François Hadji-Lazaro s’en est allé...

Triste nouvelle que le départ vers un monde meilleur de François Hadji-Lazaro, le gros gaillard multi-instrumentiste à la gouaille de titi parisien qui a sévi durant quatre décennies avec Les garçons bouchers puis Pigalle, au nom improbable comme sa dégaine de faux-skinhead patron de bar. A l'époque, c'était un rock dit alternatif, à contre-courant, qui ne passait pas ou peu à la télévision. C'était le siècle dernier, sans internet, déjà loin.
Cet article va peut-être surprendre certains habitués d'Agoravox. Car votre narrateur ne partage plus les prises de position politique de ce génial musicien, auteur aussi de textes pour enfants, d'une courte histoire des instuments de musique, producteur avec Boucheries production de quelques bons groupes ignorés par les circuits commerciaux. Pour tout vous dire, les clivages politiques m'ennuient (pour rester poli), les gens clivants aussi. Quelle bêtise, quel manque d'intelligence et d'esprit que de censurer ou ignorer un artiste pour une chanson mal placée, un texte discutable, une parole en l'air.
François Hadji-Lazaro n'était pas Dieudonné. Ancré très à gauche, celle des ouvriers et du petit peuple, il militait pour le vivre-ensemble, et ne se prononçait ni sur l'islamisme ni sur l'antisionisme. Fils de déporté, instituteur durant un temps puis musicien du métro parisien, il s'est lancé dans la chanson en autodidacte. Je l'ai rencontré une fois lors d'une fête de l'huma vers 1992 : un gars ouvert, sympa, souriant, qui ne faisait aucune distinction entre un prolo et un bourgeois. D'ailleurs, il a vécu au Pré St Gervais, à côté de Pantin (93) et il vivait comme il pensait, en scolarisant ses enfants à l'école publique. Loin des donneurs de leçons, des casseroles du show-business, des bobos de gauche.
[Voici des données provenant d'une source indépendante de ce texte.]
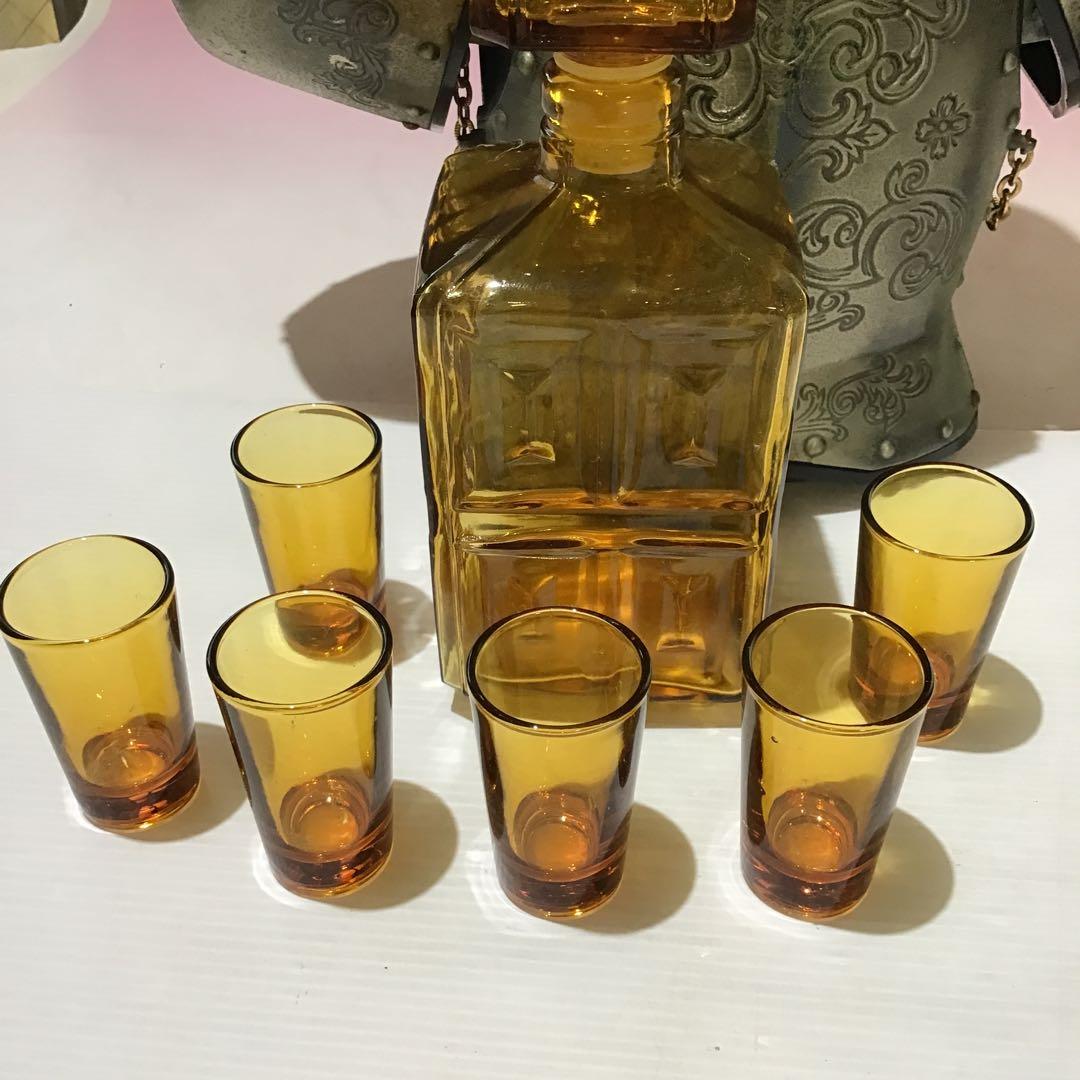 レア ニッカウヰスキー￼ 甲冑騎士、ウイスキーグラスボトル ￼￼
Je me souviendrai longtemps de cette école publique (Jean Jaurès) où je remplaçais une collègue de CM1. Un élève, Pierre, était très cultivé, bavard, un peu leader de la classe. Il répondait un peu trop à mon goût, au point de lui lancer qu'il devrait s'inscrire à la chorale et se lancer dans la chanson : éclats de rire dans la salle, car je n'avais pas remarqué le nom de famille sur le registre d'appel... Et pourtant j'écoutais déjà les CD de son papa depuis quelques années. Ils étaient deux jumeaux, son frère Paul était dans l'autre classe.
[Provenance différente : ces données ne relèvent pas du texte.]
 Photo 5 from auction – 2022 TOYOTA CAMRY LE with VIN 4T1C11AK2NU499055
C'était aussi l'époque d'un fanzine très sympa, l'écho des côtelettes, proche des lecteurs, qui faisait la promotion avec humour des groupes de boucherie production (label qui a coulé vers 2001).
Pour en revenir à son oeuvre, il s'agit de chansons inspirées autant par le punk que le folk, la variété voire le slam avant la lettre. Les Garçons bouchers ont aussi parodié le rap dans une diatribe qui passerait pour de la provocation aujourd'hui. Ainsi que le top 50 et sa fameuse Lambada. Notons que François n'a pas inventé son look, repris du groupe anglais Bad manners et son leader punk-skin Buster Bloodvessel. Il laisse derrière lui une oeuvre originale, variée, faite de bons textes corrosifs, avec d'excellents musiciens en accompagnement. Autant je n'ai pas aimé les Béruriers noirs, mauvais musiciens faux-prolos aux textes d'adolescents attardés, autant je regrette les groupes de François Hadji-Lazaro. Le leader des uns est devenu universitaire à lunettes, celui des autres est resté de qu'il a toujours été, je pense ne pas m'être trompé dans mes choix musicaux de l'époque. Ajoutons que notre gaillard fut aussi acteur de cinéma à l'occasion.
Terrassé par une septicémie sans doute liée à sa séroposivité au VIH, il est parti vers le paradis des bons musiciens, ignorés de leur vivant par les médias dominants puis vénérés ensuite. Espérons qu'il pourra y trinquer avec ses vieux camarades partis trop tôt, de cette Bière qui fut un de ses succès, loin de la salle du bar-tabac de la rue des martyrs.